4. Slow Pages + Bad Loading Experiences
At this point, we’ve all heard a statistic about the importance of page speed. Most of us know that it’s important. Nevertheless, relatively few marketers truly prioritize it.
Whether a 2-second delay in load time reduces conversion rate by 47% (as reported in Forbes) or 55% or 38% isn’t material or particularly interesting – what is interesting is the number of sites that continue to neglect page speed and load times despite the overwhelming evidence that doing so has a material, negative impact on overall performance.
This is the easiest thing in the world to monitor. GA4 and Clarity (or any of a dozen other tools that are widely available and relatively cheap) all do a remarkable job of it. But the real secret – and the real user experience magic – isn’t in the average load time; it’s in the breakdowns. Is your site slower on some devices or browsers than others? Are there regions (such as rural areas) where your load times are substantially higher than in urban areas? Do various device types have shorter load times than others? I’ve recently reviewed a site where the average load time was an excellent 2.2s (and so the brand didn’t think there was an issue). However, it turned out that a commonly-used device among a core audience segment (an older iPhone) was actually loading at >5s – and the conversion rate among those users was 70% lower than the site average.

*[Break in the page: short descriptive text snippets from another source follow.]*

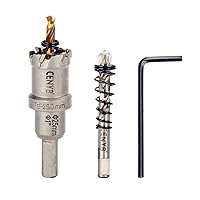 Vista 81 de 1-1/8" (29mm) Sierra perforadora con punta de carburo de tungsteno con 2 piezas de brocas piloto chapadas en titanio para metal duro, acero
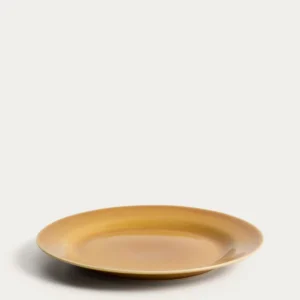 Piatto piano Selune ceramica di colore giallo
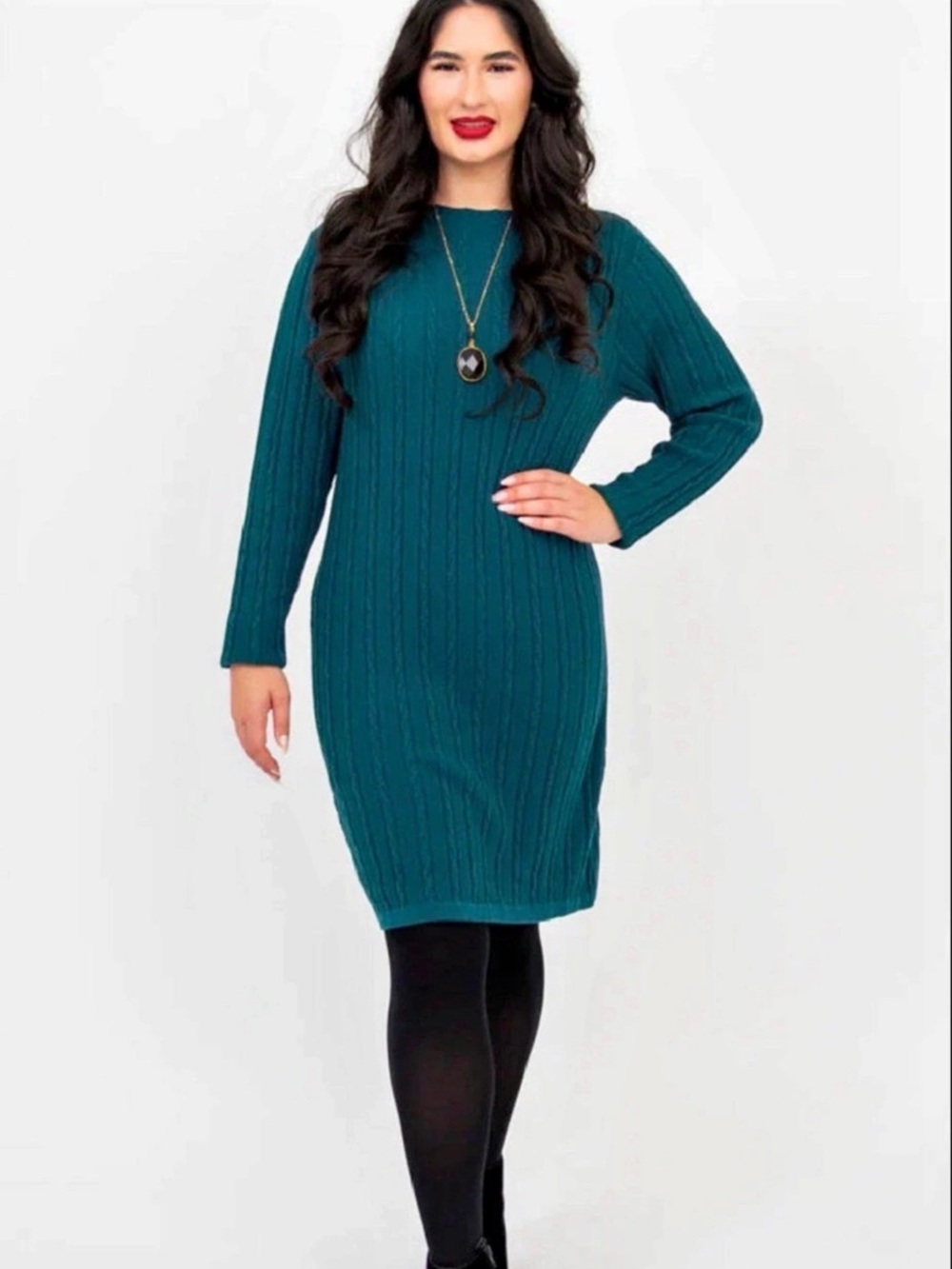 Teal Knit Mini Dress Like New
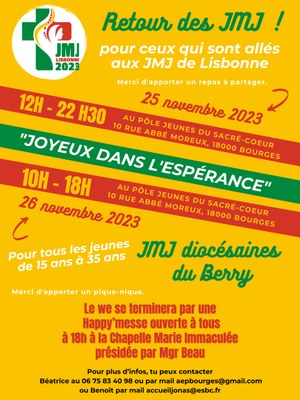 25 et 26 novembre 2023 - Retour des JMJ à Bourges
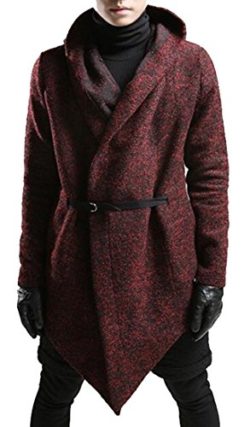 Oberora Mens Trench Coat Hooded Irregualr Casual Wool Blend Pea Coat with Belt
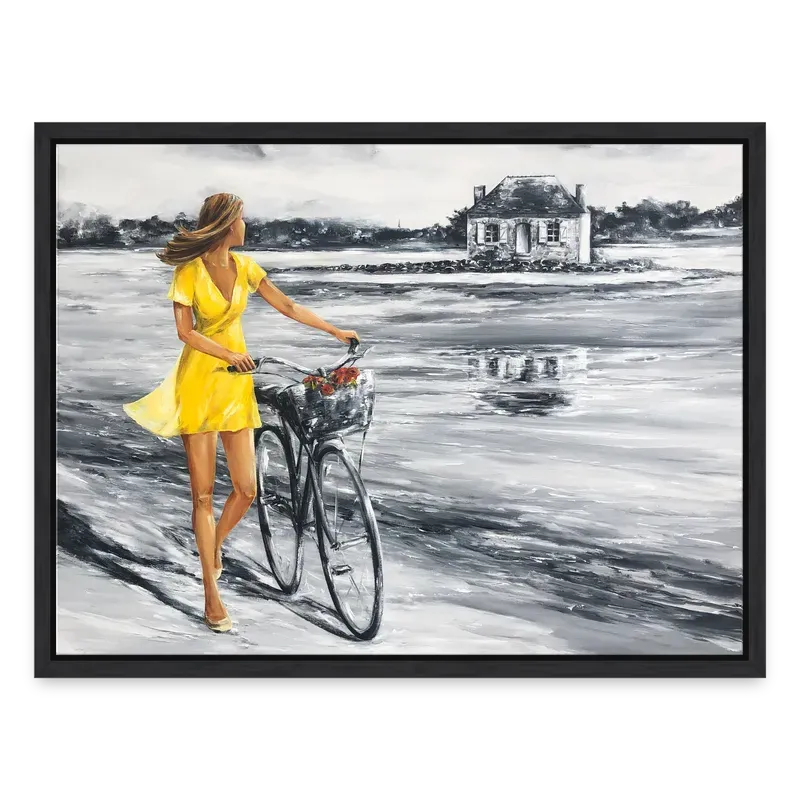 En vélo à Saint-Cado 60x80 avec cadre noir En vélo à Saint Cado 60x80 avec cadre noir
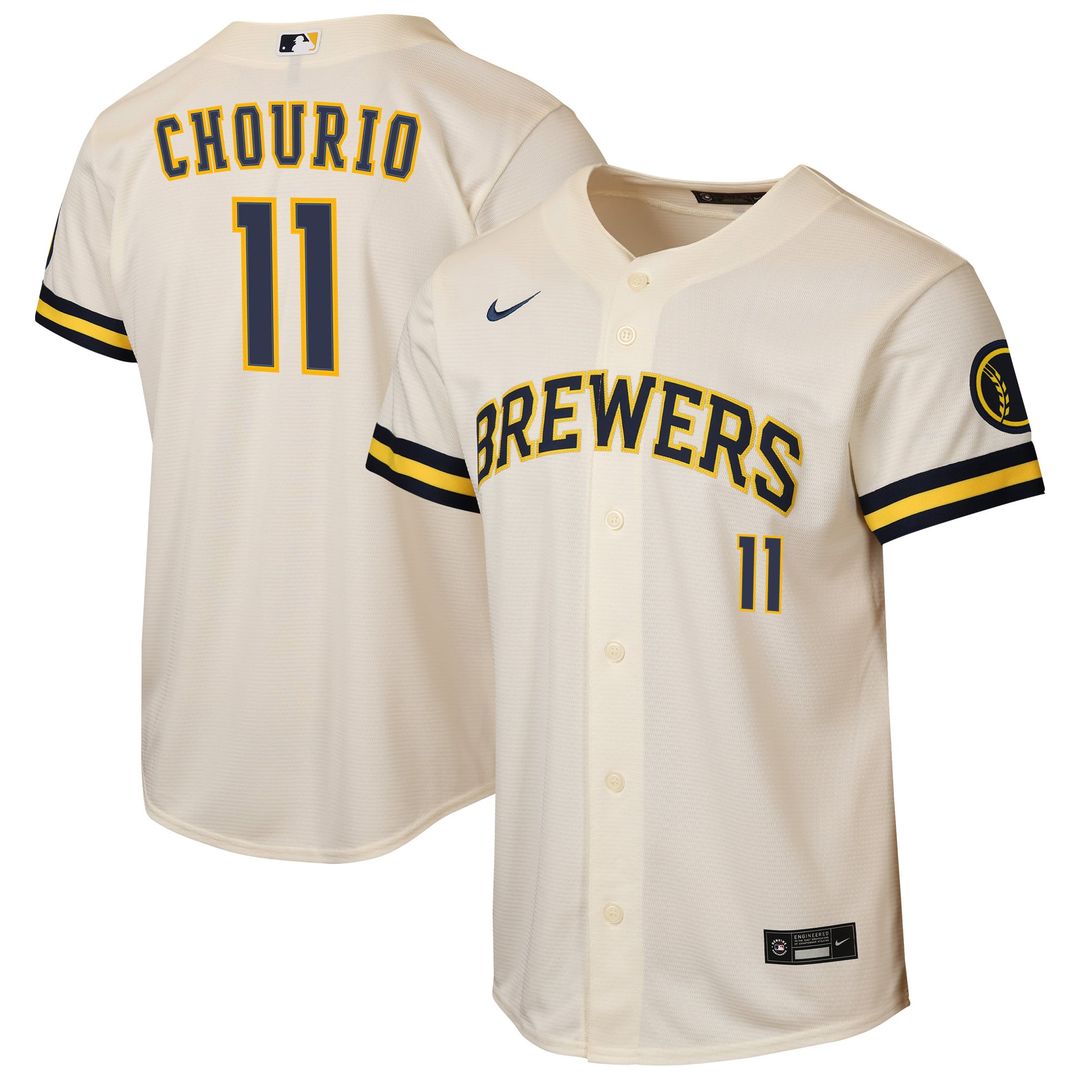 Jackson Chourio Milwaukee Brewers Nike Youth Road Stadium Jersey - Powder Blue | MLB Fan Gear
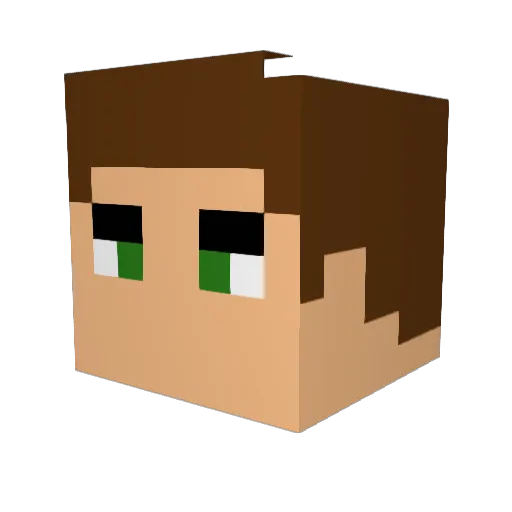 TJBeastly Minecraft avatar head, 3D render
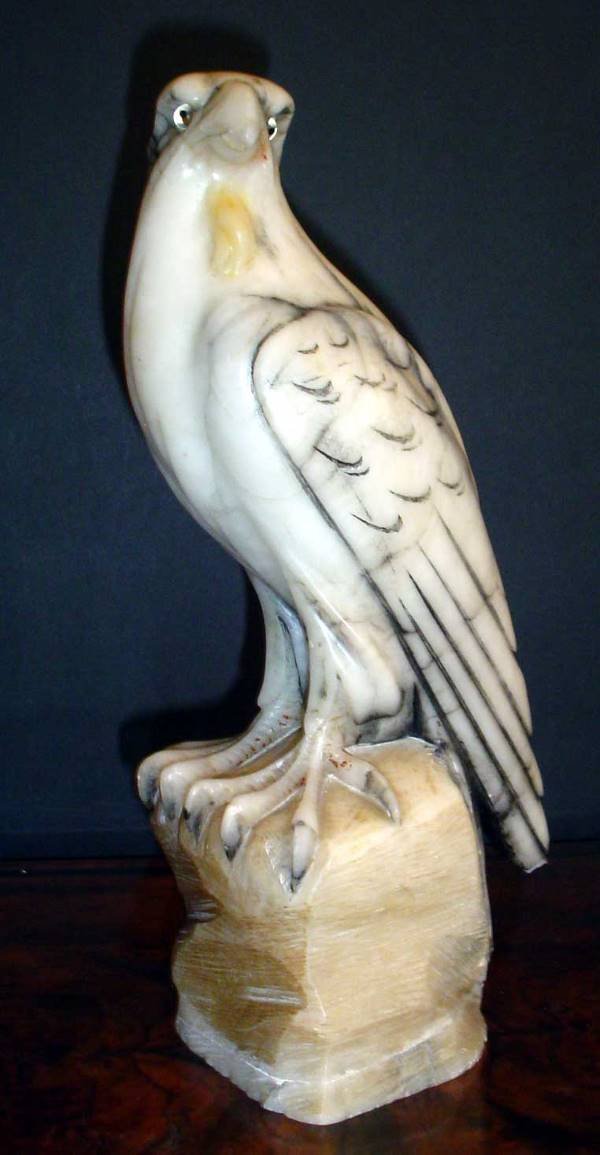 SMALL ALABASTER FALCON STATUE 13346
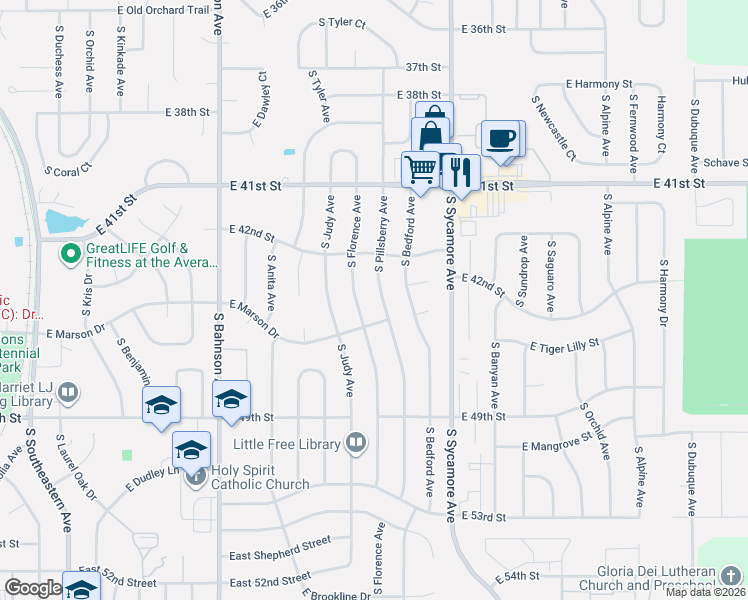 map of restaurants, bars, coffee shops, grocery stores, and more near E Marson Dr in Sioux Falls
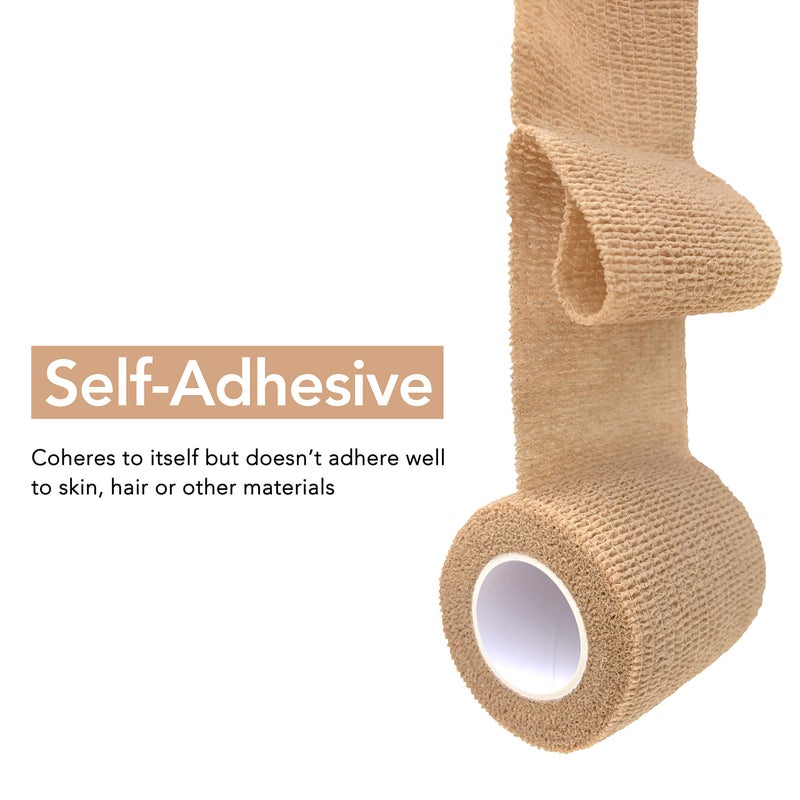 RISEN Cohesive Bandage 2â€ x 5 Yards, 6 Rolls, Self Adherent Wrap Medical Tape, Adhesive Flexible Breathable First Aid Gauze Ideal for Stretch Athletic - Image 2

Averages hide insights.
While the specific example above references load times, the same is often true for mobile experiences. Most sites are designed for desktop (yes, yes they are), and mobile is just something we do in the build. No, it’s not how things should be done. Yes, it neglects that >60% of sessions for most sites are from mobile devices.
One of the best investments an agency (or web developer shop, or internal marketing team) can make is purchasing the 3-5 most commonly used mobile devices among their target audience (you can get that from GA4, too!), then using those for all testing mentioned in this article. While most emulators are solid, they aren’t perfect – and the devil is in the details. Mobile’s share of traffic is only increasing – and if your current mobile experience isn’t exceptional, you’re likely leaving money on the table.
5. Lots of Words Without Saying Stuff
There’s a tendency among marketers to write as if they’re being paid by the word (and yes, I realize the irony of that statement coming from someone who regularly writes 2,000+ word newsletters). This isn’t a field of dreams. Just because you write it doesn’t mean they’ll read it (in fact, our data shows the opposite: people read *less* where there are more words on a landing/home page).
Your copy on every page should be as clear, direct and concise. If you haven’t edited your on-page content to the point where it actively hurts to remove another word, you haven’t edited enough. The difference between mediocrity and brilliance often comes down to editing. And most sites just aren’t edited enough.
A good test is to see if your core pages (home pages, service pages, PDPs, landers) all make perfect sense for your three core user types:
- Speed Demon – this is the person who reads-and-scrolls down the page, likely only glancing at images and skimming headlines.
- Skimmer – the user who reads each headline, the occasional call-out/bullet and some some-heads or introductory sentences
- The Reader – this is the user who reads every single line of text on a given page
The distribution of user types varies by industry + sector, but all three exist everywhere. The reality is most sites don’t solve for the first two – and those two make up >60% of your audience. If understanding a headline requires the user to have read the third sentence of the preceding paragraph, or remembered something from the homepage, you’ve failed.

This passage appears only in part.